The delicate art of discussing religion, politics or gender in the workplace

There are few topics that remain as complex as they are sensitive, especially with co-workers. The big three are religion, politics and gender. These subjects hold profound importance in our lives and are at the core of our identities, thus holding the power to stir up deep emotions. Avoiding or hiding these parts of our identities in the office can leave us feeling false or like imposters at work. How do we balance sharing our true selves at work, with a need to respect our co-workers and, of course, steer clear of workplace policy violations? Here's a few tips for navigating delicate subjects:

Focus on similarity first: 

Yes, we are all unique, but in the wise words of Maya Angelou, "We're more alike than we are unalike." Respect for diverse perspectives, beliefs and backgrounds is crucial, but so is remembering that we're all human. We have families, interests and full lives outside of work. Find out what you have in common with co-workers; perhaps a favorite restaurant, vacation spot or hobby, then build on that.

Listen rather than speak:

When discussing a sensitive topic, or if someone casually drops a personal share that you weren't expecting, remember you have two ears but only one mouth. Prioritize listening over speaking; it's not always necessary to respond. Phrases such as, "Thanks for sharing that," or "I understand where you're coming from," can help build common ground. Listening to truly understand someone's experience or perspective (rather than listening only to react or respond) takes practice and is worth the effort. Active listening fosters an environment where people feel heard and valued.

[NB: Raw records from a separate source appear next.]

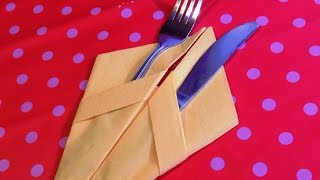 Красиво сложить бумажные салфетки 2. How to fold napkins.
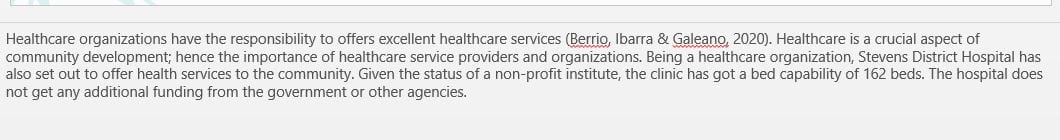 Explain how the strategic plan provides focus and direction for Stevens District Hospital.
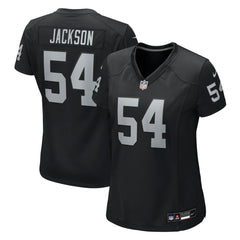 Brennan Jackson  Women's Team Game Jersey - Las Vegas Raiders Jerseys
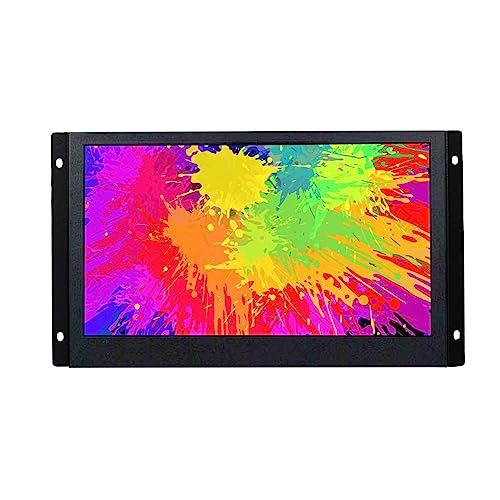 VSDISPLAY 11,6 Zoll 1366 x 768 4:3 400 Nit IPS Industrieller LCD-Monitor, VGA Videoeingang, Metallgehäuse mit Halterung von VSDISPLAY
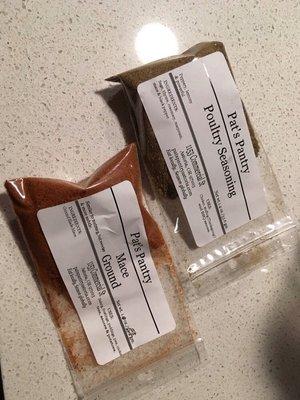 Small spice packages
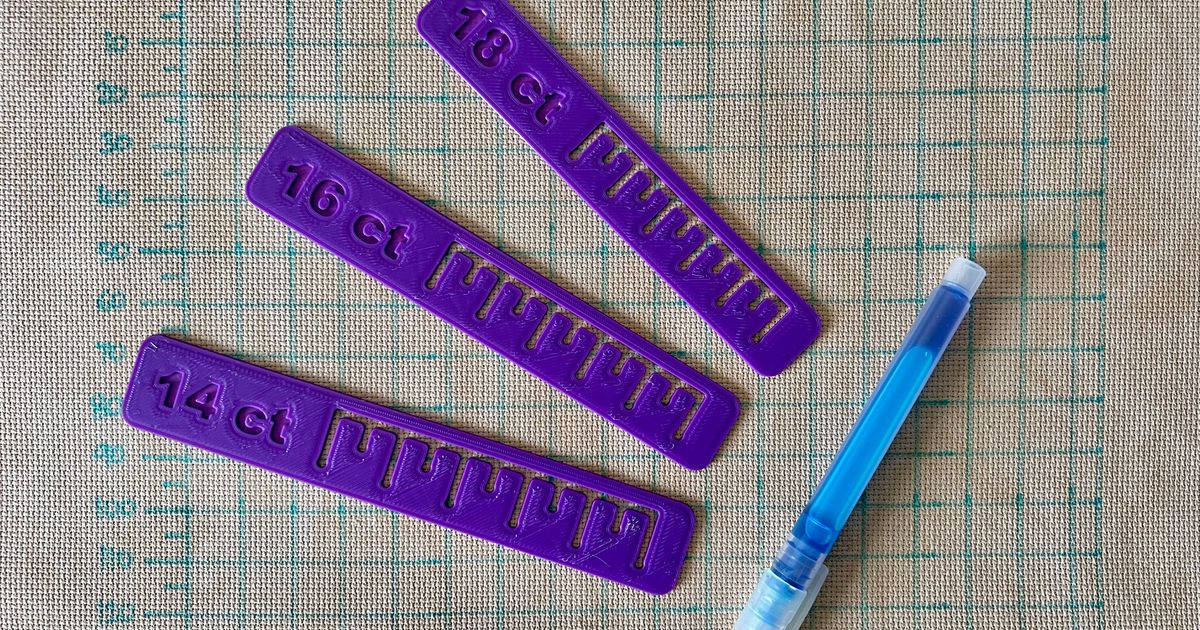 Cross stitch grid rulers by olivvybee Download free STL model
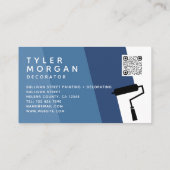 Dekorator für den QR-Code der blauen Rollerleiste Visitenkarte (Rückseite)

Choose the right timing and setting: 

If a sensitive discussion is necessary, then it deserves the right time and location. If a conversation takes an awkward or unexpected turn, it's OK to say, "I can tell this topic is important, but now isn't the right time or place. I want to give this conversation its due. Can we start again later when we'll both be able to focus?" If you don't want to go there when someone shares something personal, it's also OK to simply say, "Thanks so much for sharing that with me," then politely change the subject or get back to work. Again, it's not always necessary to respond.

Exercise discretion: 

While open dialogue, listening and human connection are encouraged, exercising discretion is equally important. It's not OK to engage in heated debates that turn into arguments or let a tense conversation cross the line of a workplace-policy violation. Expressing speech that could be perceived as harassment or hate speech (whether in person or on social media) will land you in violation of your company policies.

Set boundaries: 

If a conversation becomes uncomfortable or contentious, or if the steps above don't get the conversation redirected, gracefully move toward more common ground. It might be appropriate to say, "I can tell we are both uncomfortable talking about this in the office," or "I feel a little differently about that," followed by, "I respect you as a person and our relationship is important to me, but would you mind if we change the subject?"

Know your policies:

What's the culture regarding sensitive or personal dialogue in your workplace? Some workplaces encourage open discussions, while others prefer to keep conversations less personal. It's essential to understand your organization's policies. Many workplaces have anti-harassment policies that outline prohibited activity and consequences. Many organizations also have equal employment and diversity policies intended to foster fair and equitable treatment, as well as prevent harassment or discrimination.

Discussions about personal topics can be respectful, inclusive and contribute positively to the work environment. When approached thoughtfully, such conversations can broaden our perspectives, foster empathy and create deeper relationships built on trust and mutual respect. Embracing diversity while navigating sensitive conversations can enrich the workplace culture and help us build stronger human connections.